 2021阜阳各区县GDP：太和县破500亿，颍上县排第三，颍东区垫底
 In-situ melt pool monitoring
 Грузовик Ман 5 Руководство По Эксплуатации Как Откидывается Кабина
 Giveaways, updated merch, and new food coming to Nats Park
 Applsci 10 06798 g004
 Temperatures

==

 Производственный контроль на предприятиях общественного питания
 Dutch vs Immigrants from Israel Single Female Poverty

--

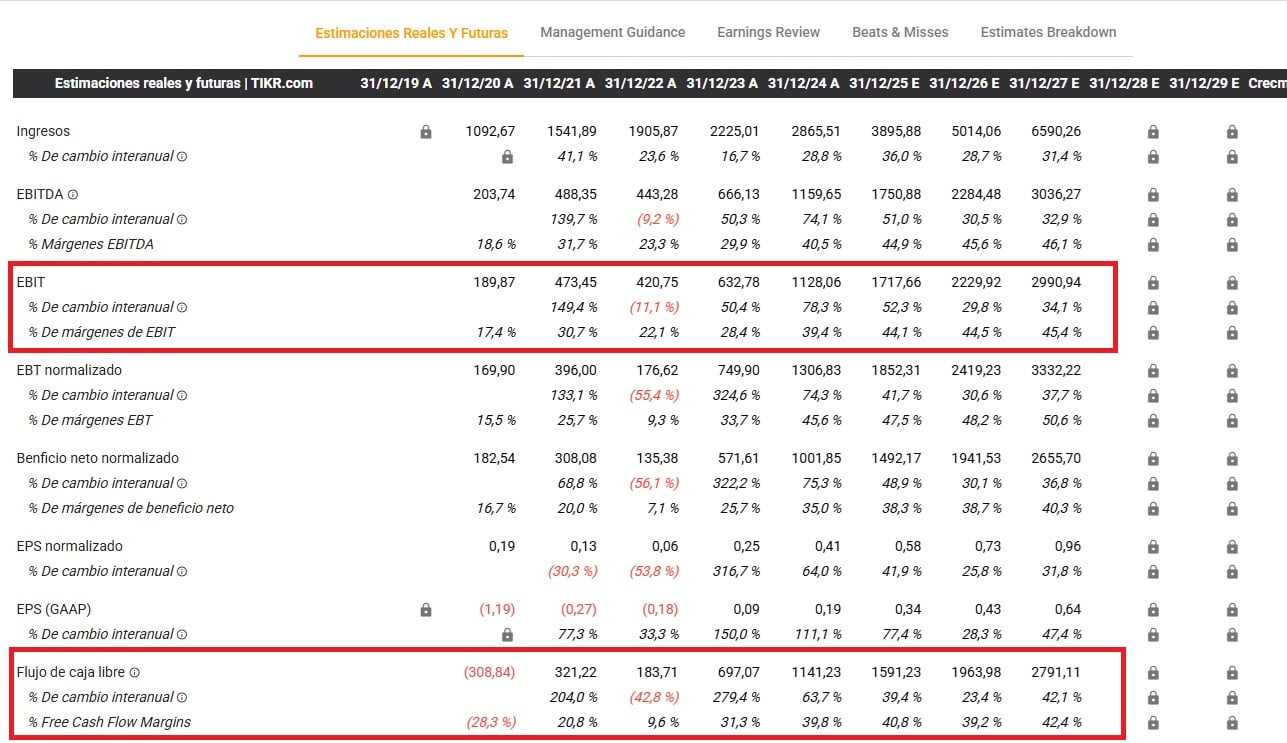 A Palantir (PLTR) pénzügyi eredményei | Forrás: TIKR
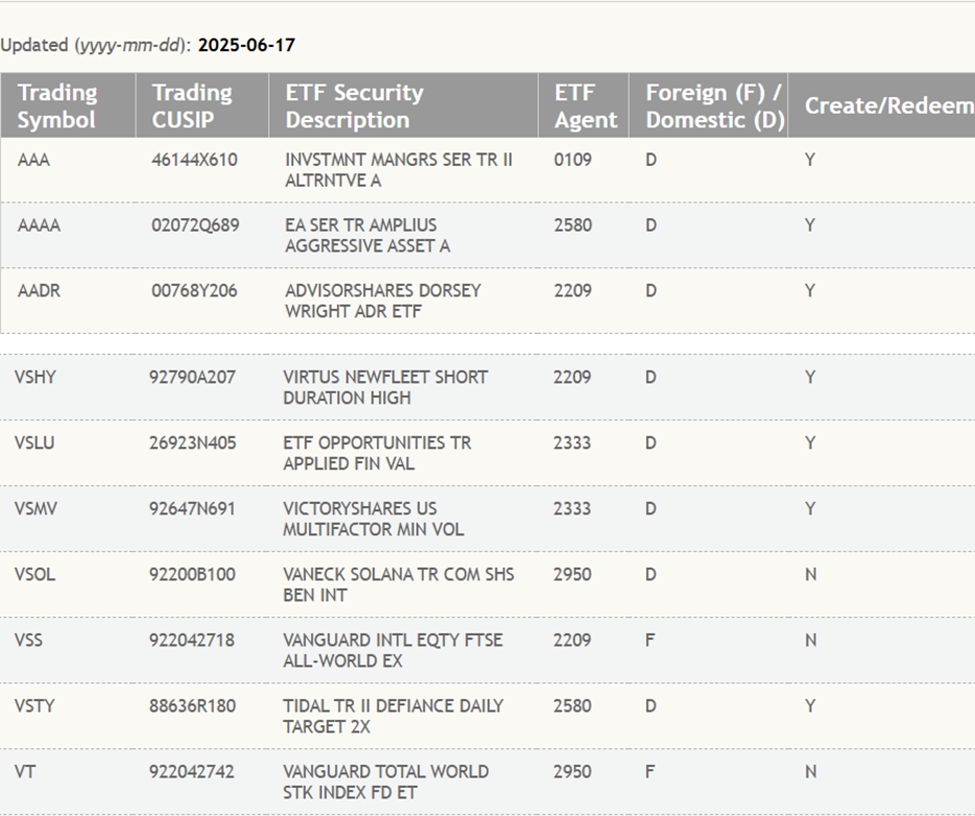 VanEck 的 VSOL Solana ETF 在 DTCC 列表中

**ASSIGNED TASK**
In the material above, find the line containing "Грузовик Ман 5" and the line containing "Temperatures", then write out exactly those two lines and every line between them, and nothing more.

**RESULT**
 Грузовик Ман 5 Руководство По Эксплуатации Как Откидывается Кабина
 Giveaways, updated merch, and new food coming to Nats Park
 Applsci 10 06798 g004
 Temperatures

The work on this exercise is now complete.